I. FACTUAL AND PROCEDURAL BACKGROUND
The following facts are undisputed:
Jin Mei Lin and Xiao Lin are the children of Hai Rui Lin. As the legitimacy of Hai Rui Lin’s marriage to Tina Chu is the central issue in this case, we begin with facts relevant to that relationship.
In 1990, Hai Rui Lin entered the United States using a fraudulent passport. While in the country, Lin resided in Philadelphia, New York City and Florida, but never in or near California where Chu had resided. On December 27, 1996, Hai Rui Lin was deported back to China, and has not legally returned to the United States. (Gov’t’s Statement of Undisputed Facts ¶¶ 3-6, Doc. No. 20.)
On February 2, 1999, Hai Rui Lin and Tina Chu married in China.
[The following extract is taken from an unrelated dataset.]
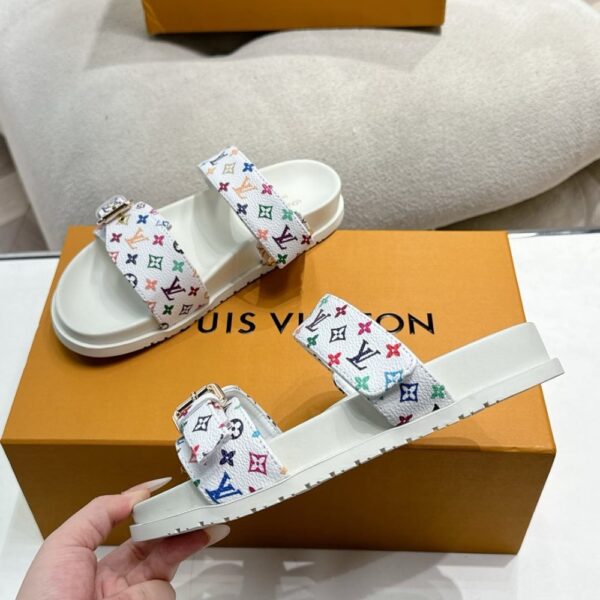 LOUIS VUITTON X TAKASHI MURAKAMI BOM DIA FLAT COMFORT MULE WHITE 1AGXTV - Image 3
This marriage took place when Chu visited China from January 17, 1999 until February 3, 1999. Chu returned to the United States the day after the marriage despite possessing a visa that would have allowed her to remain in China for an additional two weeks. Chu is a naturalized United States citizen who has lived in California since at least 1989. (Id. at ¶¶ 7, 9-11.)
On March 17, 1999, Chu filed I-130 Petitions for Alien Relative on behalf of Hai Rui Lin, Jin Mei Lin and Xiao Lin. In the I-130 petitions for Petitioners, Chu listed Jin Mei Lin and Xiao Lin as her stepchildren. In May 2001, Petitioners applied to the American Consulate in China for immigrant visas and alien registrations. Their applications were approved by consular process, and on May 28, 2001, they entered the United States as lawful permanent residents (“LPRs”). (Id. at ¶¶ 15-17.)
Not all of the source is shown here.